Longboarding: What about my feet?


One of the most overlooked parts of a longboard is surprisingly enough, not part of the physical longboard itself! It’s actually on your foot. Yes, that’s right, it’s the shoe. The shoe is probably the most important part of a good longboarder, since it is what lets you feel the ground and the board, and it’s also what lets you footbrake, grip the board, and kick posers in the face. (Jokes)


But to be real, yes, proper shoes will absolutely change the way that you longboard, and it will definitely change the way that you ride for the better.




There are so many brands of shoes out there, it’s incredible. There are low-tops, mid-tops, high-tops, slip-ons. You can get stuff made of durable materials, some are more breathable than others, and there are literally a million colors.


The shoes you should be using for skating though, are skate shoes. Skate shoes typically have flat bottoms, unlike a running shoe which is contoured on the bottom to better interact with the ground. However, longboarding should be done in an environment that is as close to barefoot as possible, as it gives the best board-feel and grip.


The reason why board feel is so important is because every longboard comes with a bunch of curves that are meant to lock your feet into the board so that you don’t slip off. In order to correctly lock yourself into these curves you must be able to wedge your feet into them, which isn’t possible with a shoe that has a thick sole like a running shoe.
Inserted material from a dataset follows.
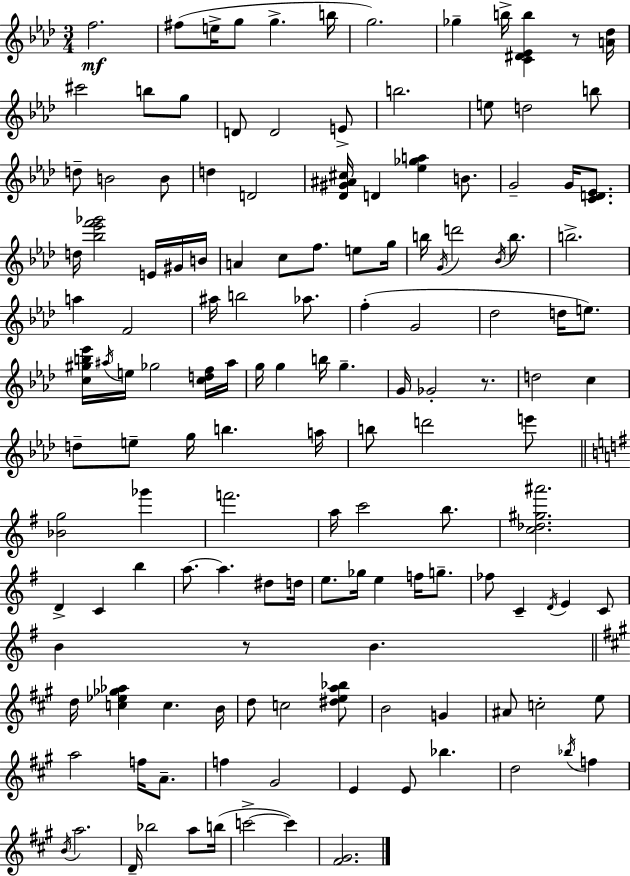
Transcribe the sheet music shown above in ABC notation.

Plus, running shoes sit higher than skate shoes, which means you sit slightly higher above the ground. It may not seem like much but this difference actually makes you much more unstable at high speeds.


Another good reason is economics. Running shoes cost a lot of money, sometimes up to 200 dollars, even. Taking into consideration that the griptape under your feet is practically just adhesive sandpaper, your expensive running shoes will be ruined and gone within a few weeks, and especially so after a good fall. Running shoes are quite fragile, as they are meant for the ground and nothing else. Skate shoes, however, are meant to touch surfaces at all angles, so the top of your shoe won’t tear open even if you drag it along the ground somehow. There’s also the issue of footbraking. Footbraking will tear your running shoe bottoms to shreds, as they usually aren’t vulcanized rubber, unlike most skate shoes.


Here’s what I recommend for skate shoes.


You want mid-tops. This way, when you are pushing, the back of the shoe won’t chafe your ankle, which makes for a pretty comfortable ride. Chafed ankles sting a lot. Plus, you can lace them up higher than you can lace low-tops, and that really lets you move your feet as one with the shoe, not as two individual parts. Also, get shoes with pretty high sidewalls, as they will protect your feet most when you are in sliding stance. They’ll be most durable as well.



WEAR GOOD FEET SOCKS? –Ryan L. Longboarder.